Recrutement difficile
Avec un taux de chômage à 2,4 % à Québec en janvier dernier, près d’un creux historique, il est très difficile de refaire les équipes dans la restauration, un secteur qui a perdu de nombreux employés en raison des fermetures successives durant la pandémie.
« On fait du recrutement à l’étranger et au fur et à mesure qu’on a de nouveaux employés pour nous épauler, on évalue les plages horaires qu’on peut rouvrir. Notre objectif est qu’avant l’été, on puisse revenir à la normale », dit Pierre Moreau, PDG du Groupe Restos Plaisirs, en soulignant que la fin des restrictions sanitaires liées à la pandémie ne date que d’un an.
En gastronomie ou en restauration rapide, il y a des postes vacants partout. Les salaires moyens ont grimpé de 21 % depuis trois ans, mais l’ARQ croit qu’il faut maintenant obliger la redistribution des pourboires pour rendre plus attrayantes les conditions de travail des employés en cuisine.
La pandémie a entraîné la fermeture de 3250 restaurants au Québec, soit une baisse de 15 % de l’offre.
Les Québécois peu enclins à restreindre les heures d’ouverture
Préoccupé par la difficulté des commerçants à couvrir toutes les heures d’ouverture d’une semaine, le Conseil québécois du commerce de détail (CQCD) a sondé la population sur d’éventuelles restrictions.

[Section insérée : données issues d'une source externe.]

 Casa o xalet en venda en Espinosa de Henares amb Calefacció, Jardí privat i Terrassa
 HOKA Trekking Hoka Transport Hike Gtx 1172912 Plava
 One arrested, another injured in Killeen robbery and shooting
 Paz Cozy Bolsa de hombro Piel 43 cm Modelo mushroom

Le sondage mené au début du mois de février par ORAMA Marketing révèle que les Québécois ne sont pas chauds à l’idée d’accorder une journée de congé aux détaillants. Seulement quatre consommateurs sur dix se disent en faveur d’une fermeture des magasins le dimanche. L’idée d’un congé les lundis est encore moins populaire, puisque seulement 29 % des répondants l’appuient.

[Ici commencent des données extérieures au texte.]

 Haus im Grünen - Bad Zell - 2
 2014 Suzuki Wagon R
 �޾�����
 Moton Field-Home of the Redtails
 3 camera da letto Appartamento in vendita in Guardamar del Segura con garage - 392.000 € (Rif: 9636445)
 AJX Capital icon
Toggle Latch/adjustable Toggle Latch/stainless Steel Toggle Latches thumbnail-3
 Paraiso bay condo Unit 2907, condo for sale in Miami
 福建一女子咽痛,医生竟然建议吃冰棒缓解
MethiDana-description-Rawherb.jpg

Ces pourcentages excluent les stations-service, car dans ce sous-secteur, le statu quo est souhaité de façon presque unanime par les consommateurs.
Le dimanche tenu pour acquis
L’ouverture des commerces le dimanche a été permise à partir de l’été 1990.
Le dossier avait soulevé plusieurs débats à l’époque et seulement les magasins d’alimentation avaient été autorisés à ouvrir dans un premier temps. Deux ans plus tard, la loi avait été étendue à d’autres commerces et depuis, il semble que les Québécois tiennent à cet acquis.
du sur-mesure réclamé
Le CQCD a aussi sondé les détaillants et ceux-ci souhaitent majoritairement des mesures variables selon le lieu et le type de commerce plutôt que d’en arriver à une journée de fermeture obligatoire.
Pour Damien Silès, directeur général du CQCD, l’enjeu des heures d’ouverture est indéniable et la réflexion nécessaire dans le contexte de pénurie de main-d’œuvre.
« Il nous apparaissait essentiel de prendre le pouls des détaillants et aussi celui des consommateurs, afin d’établir un dialogue et d’en arriver à une meilleure cohérence pour tous », a-t-il indiqué cette semaine par communiqué.
La discussion s’amorce donc, mais entre le besoin de prévisibilité des consommateurs et le désir de solutions librement adaptées selon les lieux et les commerces, l’écart semble grand.